MATERIAL SHOWN ::
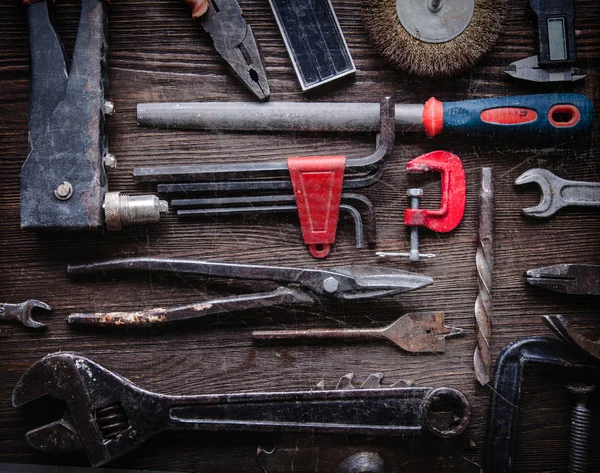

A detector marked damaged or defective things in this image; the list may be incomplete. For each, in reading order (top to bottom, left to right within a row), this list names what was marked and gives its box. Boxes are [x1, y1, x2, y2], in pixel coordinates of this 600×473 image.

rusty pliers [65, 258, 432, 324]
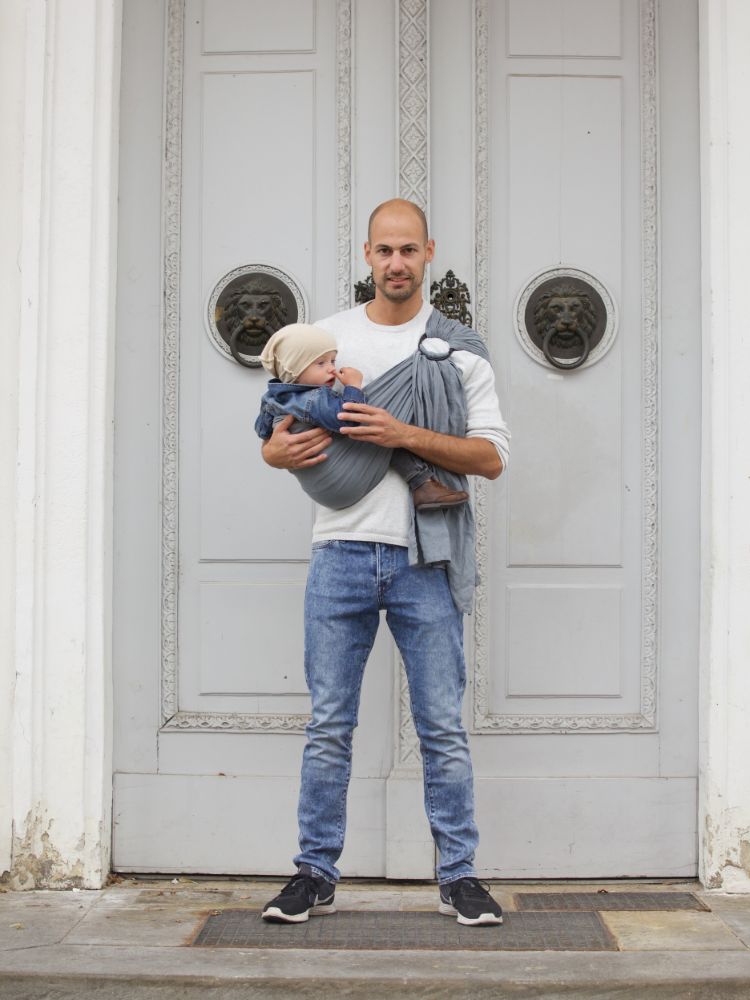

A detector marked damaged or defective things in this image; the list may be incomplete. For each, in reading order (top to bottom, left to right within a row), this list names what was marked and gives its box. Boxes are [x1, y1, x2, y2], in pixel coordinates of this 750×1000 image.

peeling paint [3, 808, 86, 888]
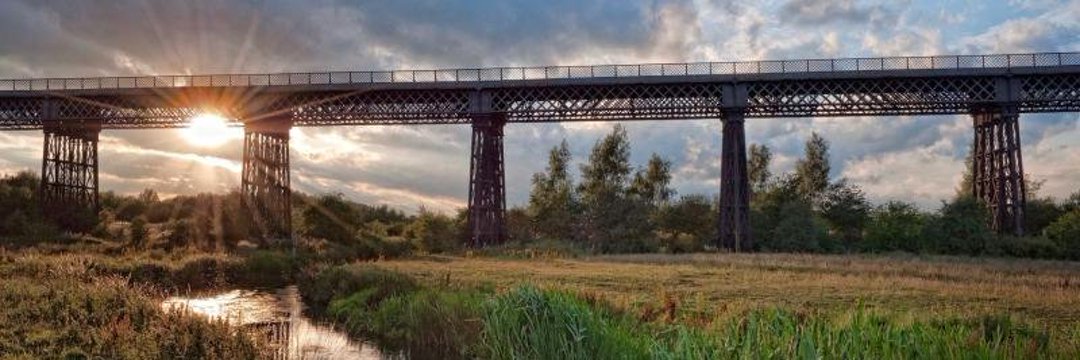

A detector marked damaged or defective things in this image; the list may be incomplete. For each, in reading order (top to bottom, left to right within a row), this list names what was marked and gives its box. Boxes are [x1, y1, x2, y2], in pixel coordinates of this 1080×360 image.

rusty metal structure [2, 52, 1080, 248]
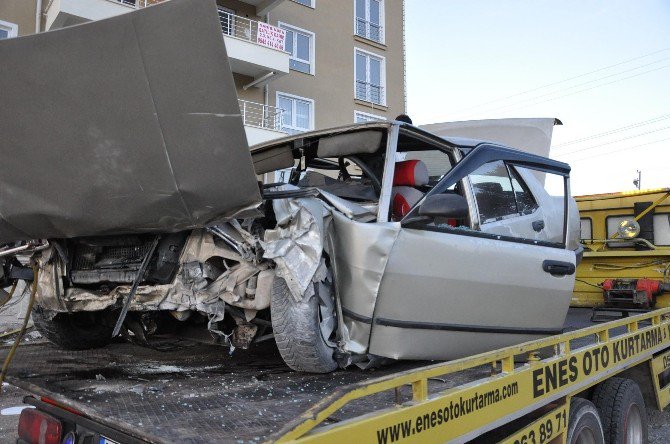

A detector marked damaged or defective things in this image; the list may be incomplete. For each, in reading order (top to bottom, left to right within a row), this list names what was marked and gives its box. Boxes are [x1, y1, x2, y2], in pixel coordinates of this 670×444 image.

---

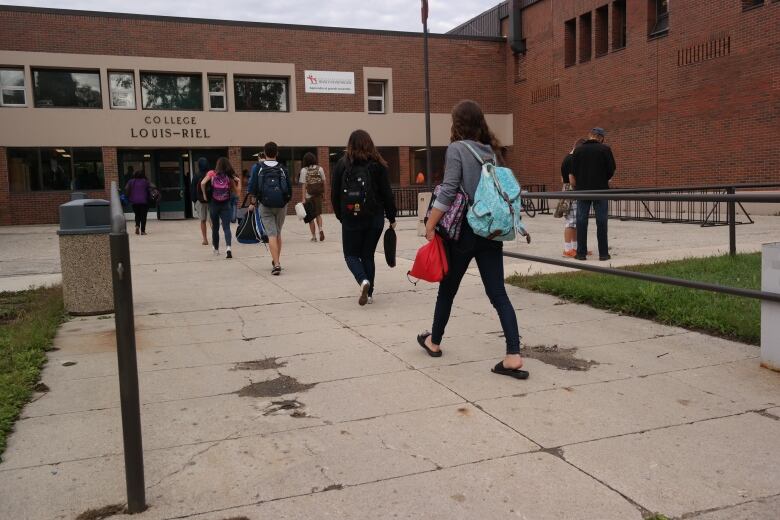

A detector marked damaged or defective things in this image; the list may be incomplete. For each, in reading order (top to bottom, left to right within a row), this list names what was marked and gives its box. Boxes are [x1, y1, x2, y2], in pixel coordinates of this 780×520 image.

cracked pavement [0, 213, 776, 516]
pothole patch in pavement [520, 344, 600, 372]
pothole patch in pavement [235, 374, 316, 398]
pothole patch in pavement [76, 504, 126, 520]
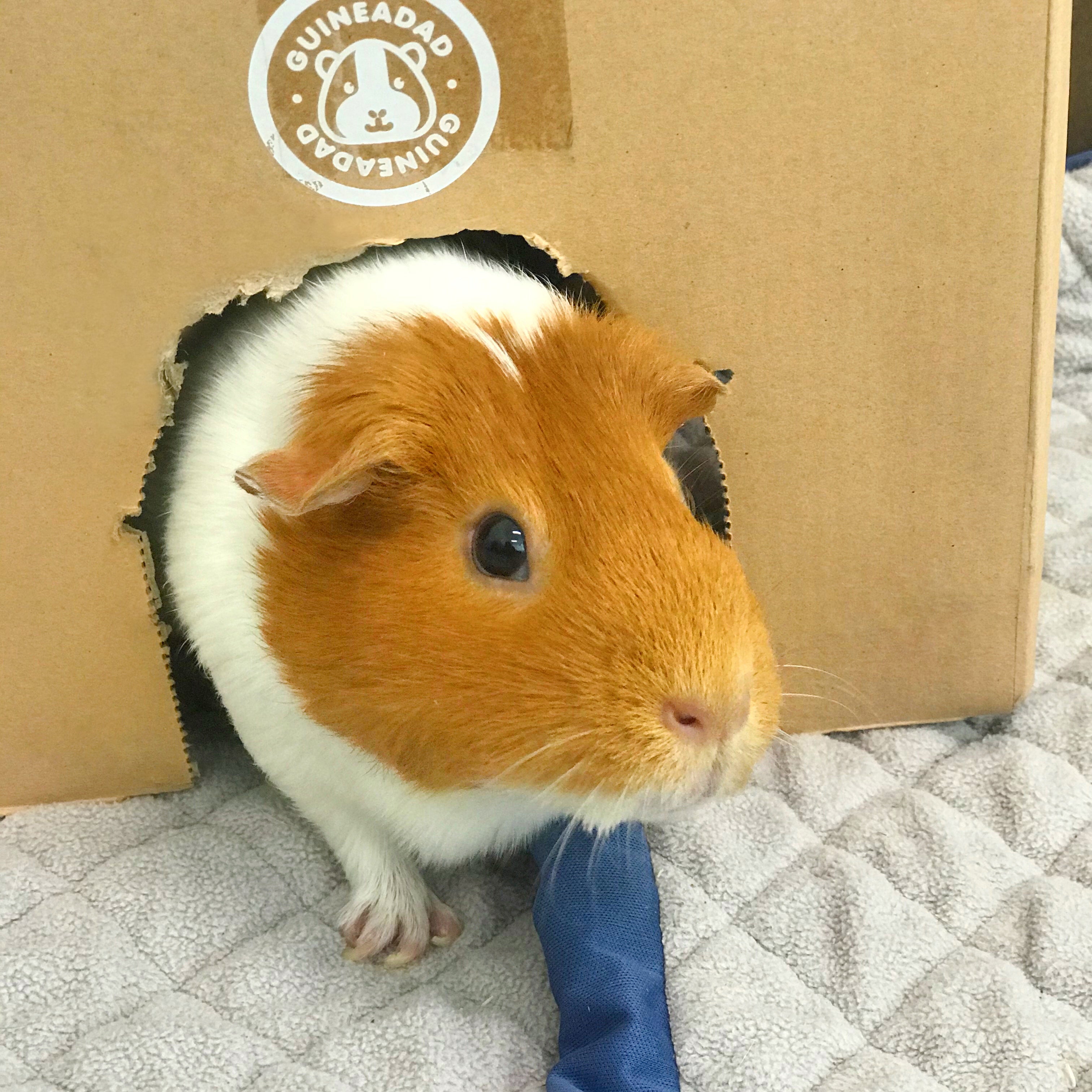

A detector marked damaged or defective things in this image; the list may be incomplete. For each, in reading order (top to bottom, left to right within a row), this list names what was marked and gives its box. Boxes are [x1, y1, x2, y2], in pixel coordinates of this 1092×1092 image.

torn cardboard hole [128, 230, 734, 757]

* * *

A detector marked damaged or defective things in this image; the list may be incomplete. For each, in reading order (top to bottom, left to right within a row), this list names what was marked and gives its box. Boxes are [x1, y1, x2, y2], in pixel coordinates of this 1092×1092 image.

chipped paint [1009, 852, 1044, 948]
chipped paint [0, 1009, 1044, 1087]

EXERCISE GOAL :: Copy out exactly the material that runs from the line with "this 1080×360 image." to the line with "this 670×444 image.", ends included, and leave the pictures behind.

PROBLEM SOLUTION ::
A detector marked damaged or defective things in this image; the list may be incomplete. For each, in reading order (top to bottom, left to right within a row), this list names what was marked and gives its box. Boxes are [x1, y1, x2, y2], in pixel coordinates of this 1080×360 image.

rusty metal structure [2, 52, 1080, 248]

A detector marked damaged or defective things in this image; the list may be incomplete. For each, in reading order (top to bottom, left to right within a row), this list names what was marked and gives its box. Boxes are [x1, y1, x2, y2], in pixel coordinates of this 670×444 image.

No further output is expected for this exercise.